The piece will premiere on 4 September 2019 at the opening concert for the Finnish Radio Symphony Orchestra’s autumn season. In the future, the new fanfare will be used in the Musiikkitalo Concert Hall to signal the beginning of all concerts and the end of a concert’s intermission.
Saariaho describes the writing process as an intriguing professional challenge; the fanfare is Gebrauchsmusik written for a specific space and context. Only a few seconds in duration, the piece required an enormous amount of thought. Saariaho needed to consider not only the music but also the acoustic requirements the space and context impose on the piece as well as the communicative content of the work.
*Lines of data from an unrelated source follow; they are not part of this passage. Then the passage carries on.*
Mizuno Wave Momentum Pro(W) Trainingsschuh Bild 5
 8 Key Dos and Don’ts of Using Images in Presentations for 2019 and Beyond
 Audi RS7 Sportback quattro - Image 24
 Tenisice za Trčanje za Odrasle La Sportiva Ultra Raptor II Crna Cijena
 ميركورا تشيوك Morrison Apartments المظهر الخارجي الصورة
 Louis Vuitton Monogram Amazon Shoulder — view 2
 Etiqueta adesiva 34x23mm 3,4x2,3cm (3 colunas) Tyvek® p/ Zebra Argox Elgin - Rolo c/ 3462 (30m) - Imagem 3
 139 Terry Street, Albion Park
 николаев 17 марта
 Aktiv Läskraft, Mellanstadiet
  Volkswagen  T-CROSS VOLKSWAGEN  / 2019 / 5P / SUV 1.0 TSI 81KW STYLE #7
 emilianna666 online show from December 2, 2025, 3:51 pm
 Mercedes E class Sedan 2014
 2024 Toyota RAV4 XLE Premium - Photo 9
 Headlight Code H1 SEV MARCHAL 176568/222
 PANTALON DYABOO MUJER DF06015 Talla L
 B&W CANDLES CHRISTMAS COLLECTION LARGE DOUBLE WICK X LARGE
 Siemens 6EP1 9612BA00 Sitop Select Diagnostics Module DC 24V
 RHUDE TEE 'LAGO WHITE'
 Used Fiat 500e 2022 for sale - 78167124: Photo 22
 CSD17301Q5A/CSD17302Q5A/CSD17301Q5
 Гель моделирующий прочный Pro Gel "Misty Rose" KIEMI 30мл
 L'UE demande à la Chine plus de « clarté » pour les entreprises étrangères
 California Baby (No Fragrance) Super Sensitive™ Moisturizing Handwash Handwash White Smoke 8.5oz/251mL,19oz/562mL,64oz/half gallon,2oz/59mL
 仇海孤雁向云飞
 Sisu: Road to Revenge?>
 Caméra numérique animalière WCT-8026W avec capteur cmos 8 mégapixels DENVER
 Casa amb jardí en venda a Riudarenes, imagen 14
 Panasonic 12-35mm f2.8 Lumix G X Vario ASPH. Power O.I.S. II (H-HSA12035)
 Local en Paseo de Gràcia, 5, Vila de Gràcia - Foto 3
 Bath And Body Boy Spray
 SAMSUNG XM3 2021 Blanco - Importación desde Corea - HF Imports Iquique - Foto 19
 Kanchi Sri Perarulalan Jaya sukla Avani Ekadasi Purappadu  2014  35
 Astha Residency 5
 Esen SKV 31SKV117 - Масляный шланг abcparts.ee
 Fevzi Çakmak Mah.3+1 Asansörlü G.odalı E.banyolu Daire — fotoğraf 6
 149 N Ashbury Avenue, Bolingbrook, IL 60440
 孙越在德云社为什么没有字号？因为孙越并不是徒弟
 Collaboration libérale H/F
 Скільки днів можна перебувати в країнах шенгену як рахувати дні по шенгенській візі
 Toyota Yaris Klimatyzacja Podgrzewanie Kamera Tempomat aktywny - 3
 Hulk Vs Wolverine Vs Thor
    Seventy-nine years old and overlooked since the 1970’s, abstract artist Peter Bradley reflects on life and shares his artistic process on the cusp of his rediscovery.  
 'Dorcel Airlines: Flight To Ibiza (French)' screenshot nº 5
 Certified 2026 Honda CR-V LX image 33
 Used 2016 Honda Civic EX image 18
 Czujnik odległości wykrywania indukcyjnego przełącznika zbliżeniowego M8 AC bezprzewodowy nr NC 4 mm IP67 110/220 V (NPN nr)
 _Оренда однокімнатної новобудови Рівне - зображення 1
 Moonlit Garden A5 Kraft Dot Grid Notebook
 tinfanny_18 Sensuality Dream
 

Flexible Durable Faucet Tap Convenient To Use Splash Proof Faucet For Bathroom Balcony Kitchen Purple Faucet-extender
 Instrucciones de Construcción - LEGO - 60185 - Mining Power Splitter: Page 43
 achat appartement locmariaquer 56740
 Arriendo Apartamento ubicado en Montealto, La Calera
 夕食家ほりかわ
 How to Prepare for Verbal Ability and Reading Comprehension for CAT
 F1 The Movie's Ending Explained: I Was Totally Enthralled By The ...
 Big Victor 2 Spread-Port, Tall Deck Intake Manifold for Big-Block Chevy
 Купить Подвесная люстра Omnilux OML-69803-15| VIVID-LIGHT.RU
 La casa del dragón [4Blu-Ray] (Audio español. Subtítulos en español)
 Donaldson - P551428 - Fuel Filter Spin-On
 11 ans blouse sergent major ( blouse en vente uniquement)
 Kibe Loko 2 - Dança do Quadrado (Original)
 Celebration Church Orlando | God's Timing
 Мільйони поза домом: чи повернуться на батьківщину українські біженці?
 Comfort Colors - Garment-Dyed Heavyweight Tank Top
“First, some of the listeners will hear the fanfare every week, some only once on an incidental visit to a concert. Second, when the fanfare sounds, the visitor may be chatting with a friend or queuing up for refreshments. However, the most important thing was eventually to make sure that the visitor recognises the difference between the first, second, and last end-of-interval fanfares,” Saariaho says.
The new Musiikkitalo fanfare was written for kantele and percussion. “I chose kantele because a Finnish instrument suits a Finnish concert venue perfectly. I also like the clear and ringing sound of kantele. Furthermore, the high-pitched, clear and metallic percussion makes the piece snappy and appropriately signal-like,” Saariaho says.
The piece was played for recording by Eija Kankaanranta on kantele and Heikki Parviainen on percussion.
The recording was made and mixed by Jori Tossavainen.